- Born: April 20, 1974 (age 52) United States
- Occupation: Ballroom dancer
- Spouse: Anna Trebunskaya ​ ​(m. 2003; sep. 2012)​

= Jonathan Roberts (dancer) =

American professional ballroom dancer (born 1974)

Jonathan Roberts (born April 20, 1974) is an American professional ballroom dancer. He decided to take up dancing after he received a free trial at a local dance studio and enjoyed it. He currently resides in California.

==Achievements==
Jonathan Roberts is most well known for dancing on the United States version of Dancing with the Stars and choreographing routines on So You Think You Can Dance. In the past Roberts has competed and won the following awards.

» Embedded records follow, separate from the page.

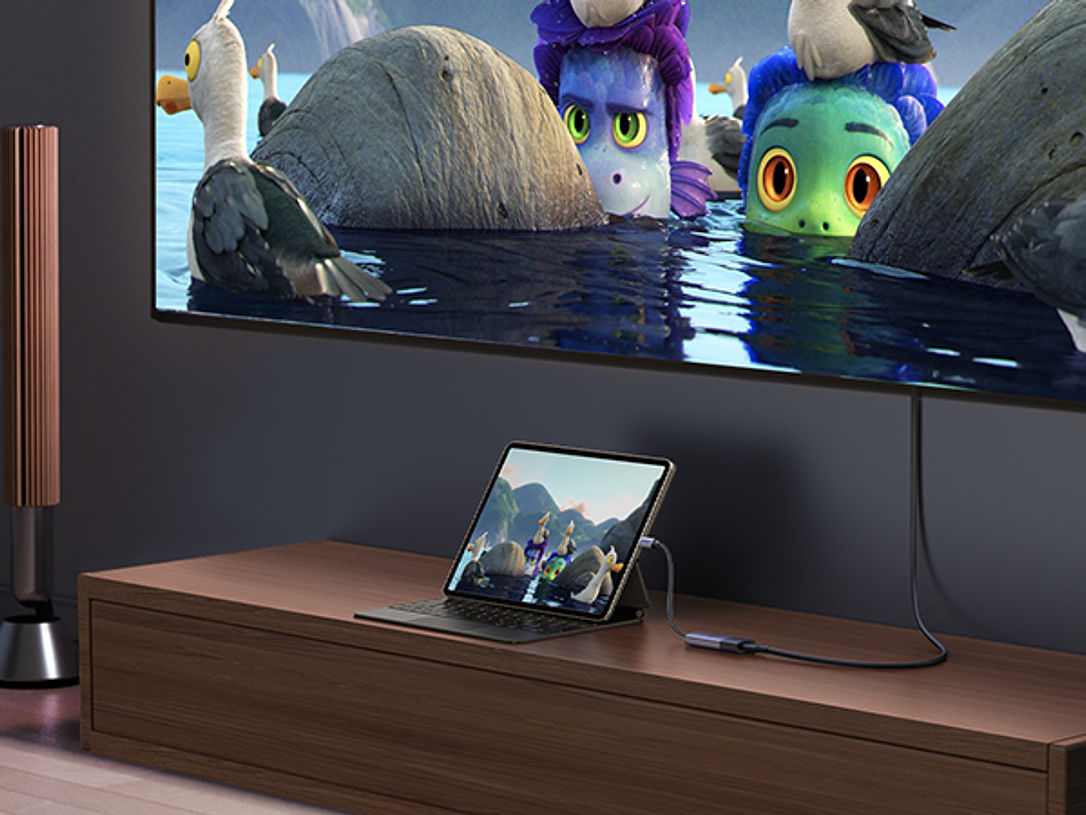 Cables y Adaptadores de Video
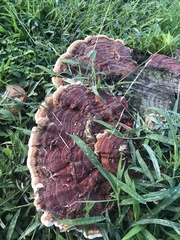 Ganoderma sessile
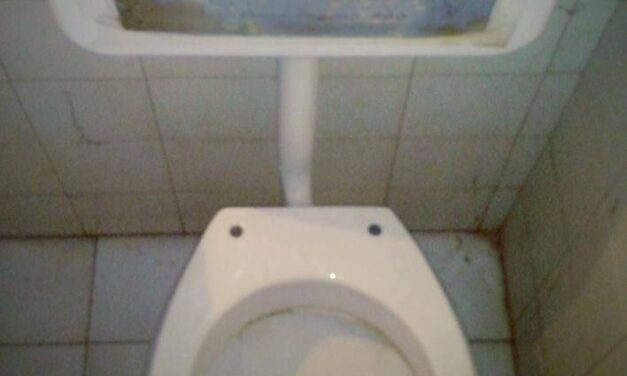 La massoneria voterà SI al referendum costituzionale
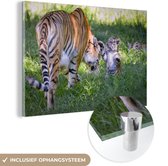MuchoWow® Glasschilderij 180x120 cm - Schilderij acrylglas - Dieren - Tijger - Welp - Foto op glas - Schilderijen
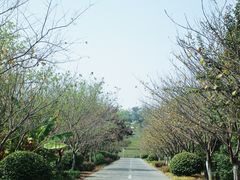 -凤凰沟景区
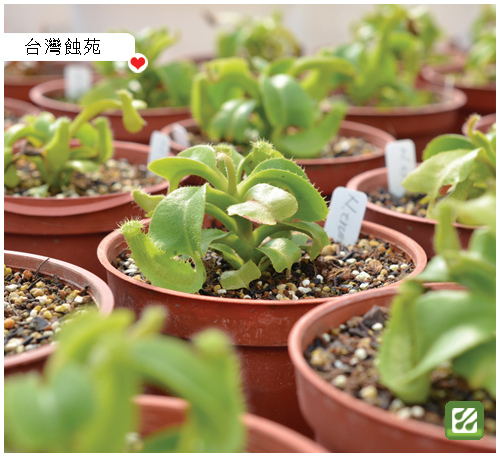 關於台灣蝕-從小苗開始的栽培過程.jpg 關於台灣蝕-從小苗開始的栽培過程.jpg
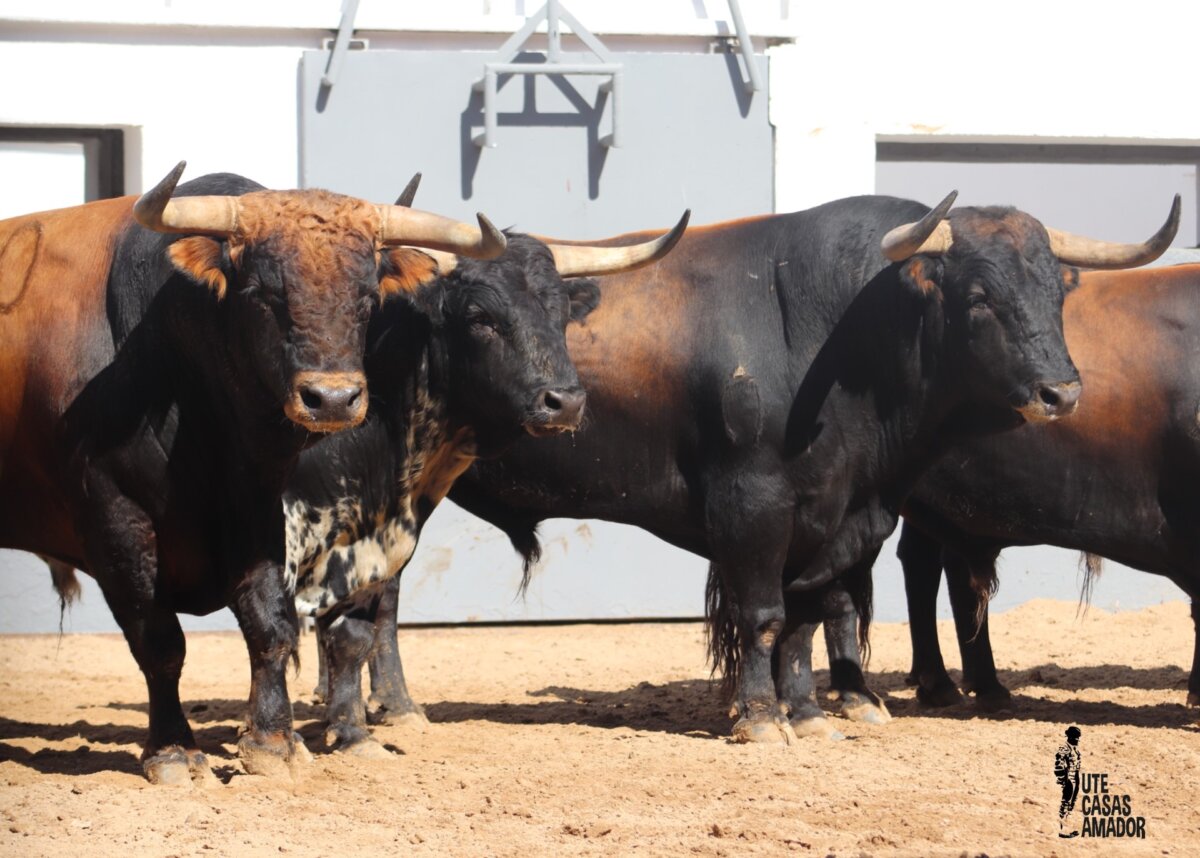 Seis de La Palmosilla para el cartel de hoy en Albacete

- 2008 World Professional Smooth Champion, with Valentina Kostenko
- 2008 US National Professional Smooth Champion, with Valentina Kostenko
- 2004 US National Professional Rising Star Latin Champion, with Anna Trebunskaya
- 2003 Blackpool Professional Rising Star Latin Vice Champion, with Anna Trebunskaya
- 1997 US National Professional Rising Star Ballroom Champion, with Roberta Sun
- USA pro-am 10 dance champion
- USA pro-am Latin champion
- USA pro-am American Ballroom champion

==Dancing with the Stars==
He competed in seasons 1, 2, 4, 5, 6, 8 and 9 of the U.S. version of Dancing with the Stars. In Season 1, he danced with celebrity Rachel Hunter. They were the third couple to be eliminated coming in 4th place. In Season 2, he danced with celebrity Giselle Fernández. They were also eliminated in the third week and came in 8th place. In Season 4, he danced with Heather Mills. They were voted off in the sixth week of the competition and came in 7th place. Roberts returned for the fifth season and was partnered with entertainer Marie Osmond. They achieved 3rd place, being eliminated during the final show of the season. Season five was Roberts' most successful season so far.

His partner for Season 6 was Monica Seles. They scored 15 for the Foxtrot and 15 for the Mambo. This is the lowest judge's score of the season as of March 25, 2008. Roberts and Seles were one of the first two couples eliminated from the competition. His then-wife Anna Trebunskaya was sick during her week 3 practice, and a video of Jonathan dancing and teaching her partner, Steve Guttenberg was shown. After this, for the encore performance, he and Guttenberg were asked to do the entire routine.

Jonathan returned for Season 8, and was partnered with pop singer Belinda Carlisle but they became the first couple eliminated, making this the second time that he was eliminated in the first Results Show. Despite being eliminated first, he & Belinda held a higher average than a few celebrities who lasted longer than them.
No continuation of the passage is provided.